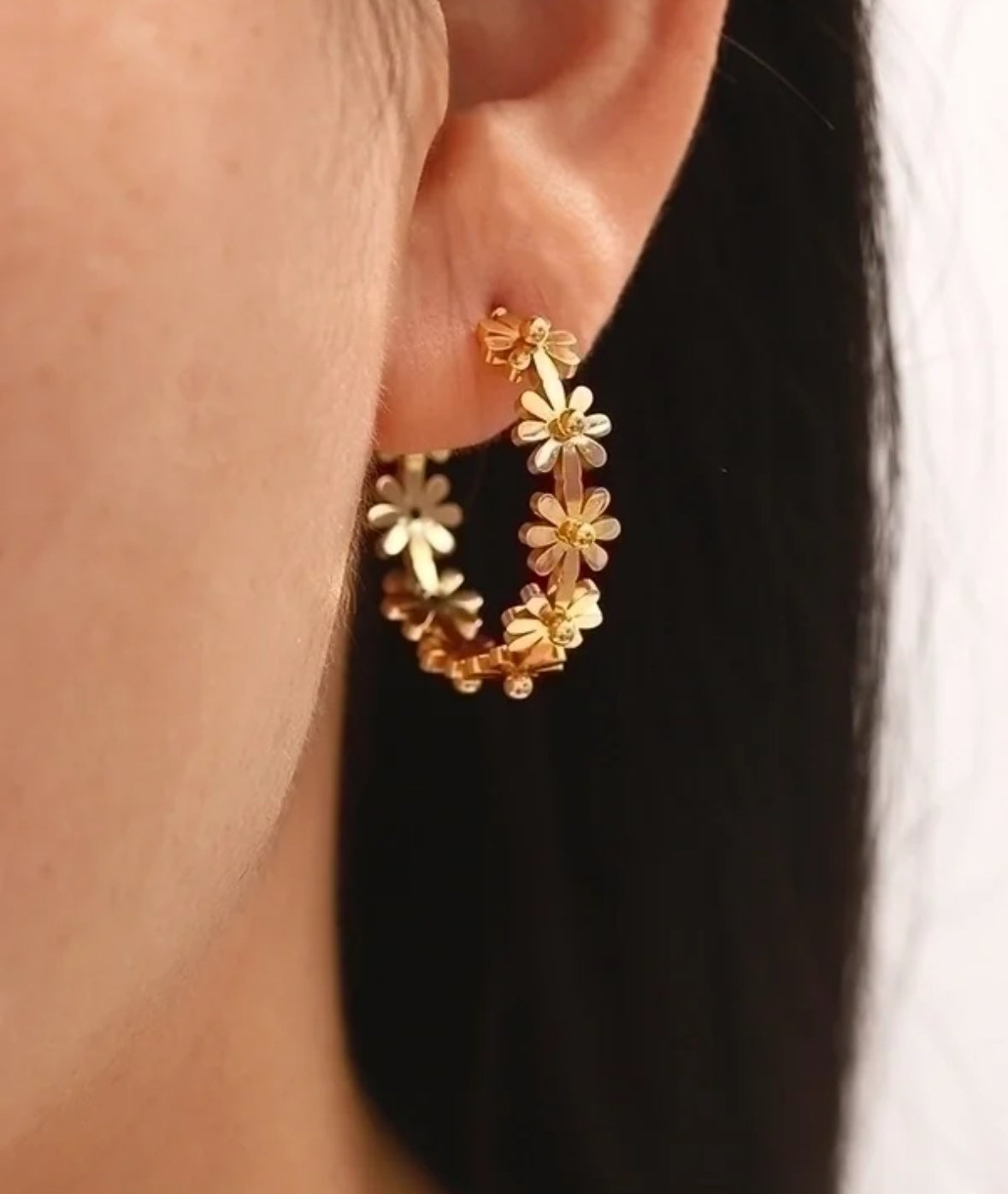 Bloemen oorringen goud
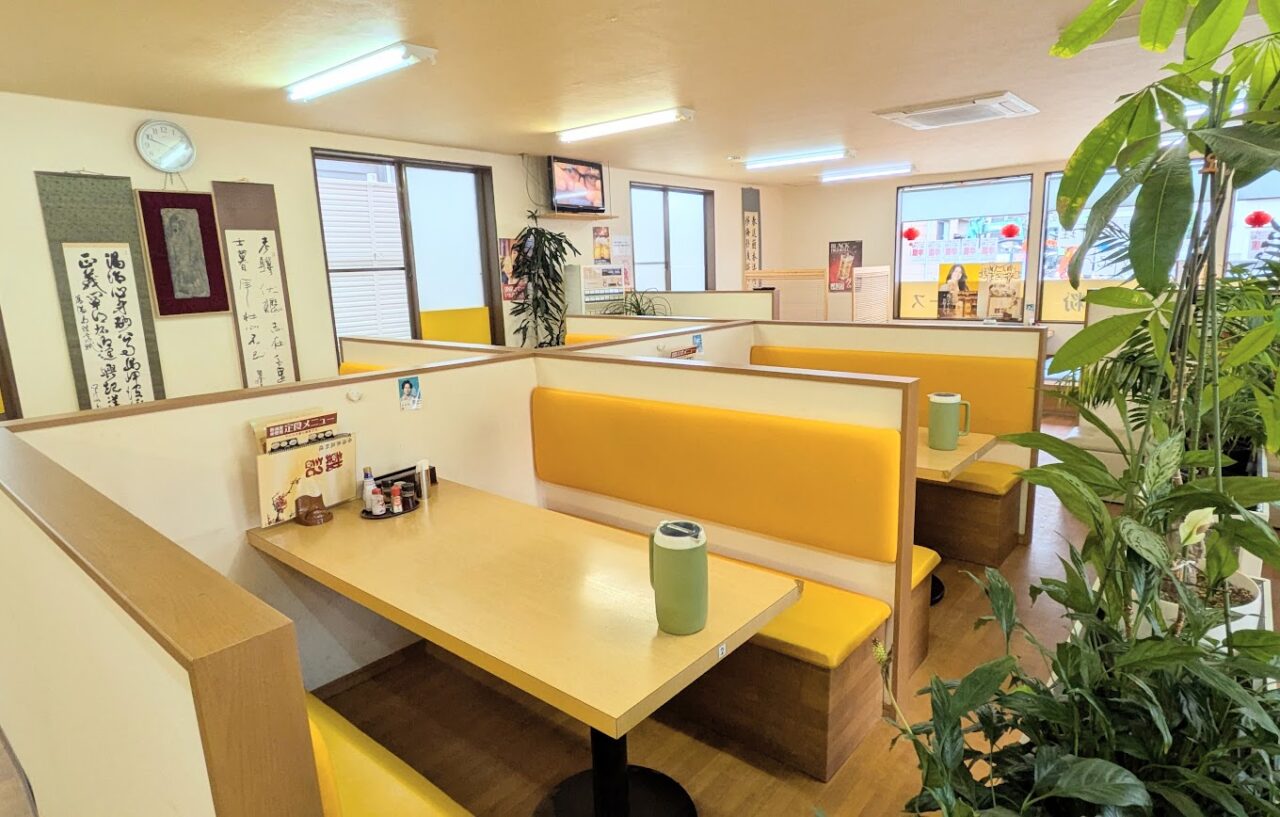 新潟市東区河渡甲の香港家庭料理・戴記の店内
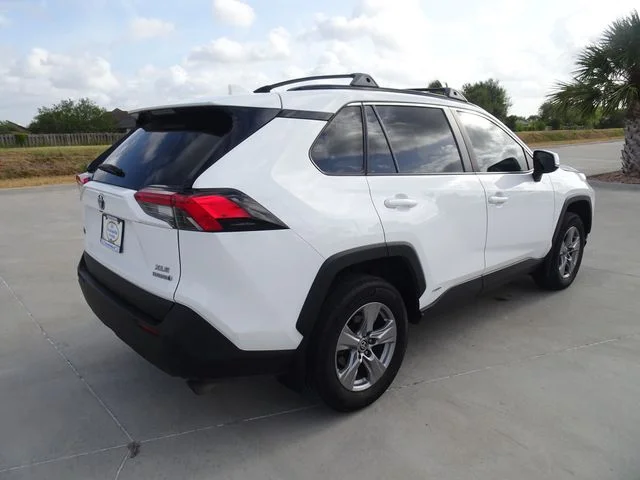 Used 2024 Ice Toyota XLE image 4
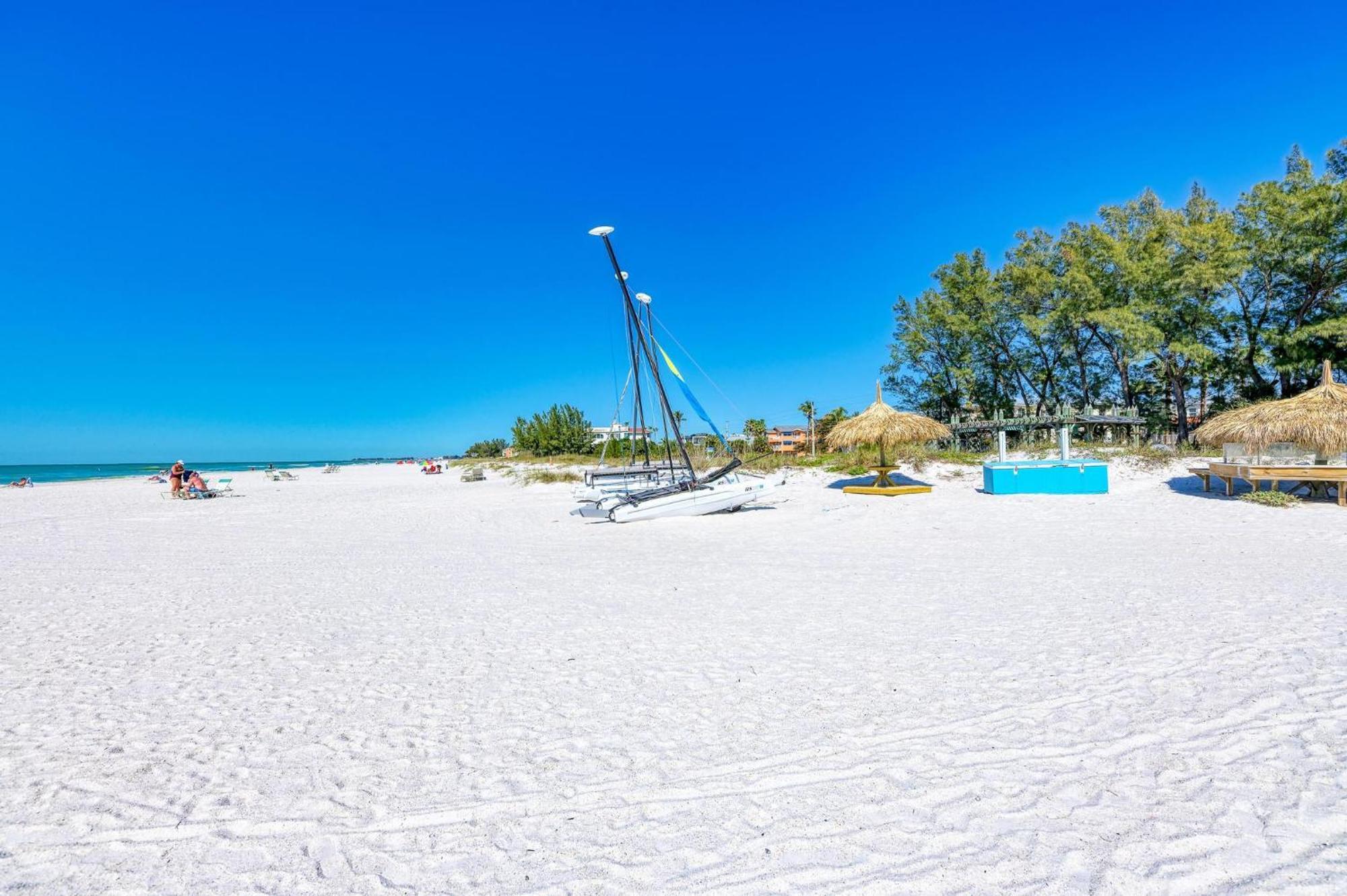 Anna Maria Island Beach Palms 6B Bradenton Beach Eksteriør billede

▶ _Problem_:
From the line containing "新潟市東区河渡甲の香港家庭料理・戴記の店内" to the last line of the material, every line is to be reproduced exactly. No picture belongs in the copy.

▶ _Answer box_:
 新潟市東区河渡甲の香港家庭料理・戴記の店内
 Used 2024 Ice Toyota XLE image 4
 Anna Maria Island Beach Palms 6B Bradenton Beach Eksteriør billede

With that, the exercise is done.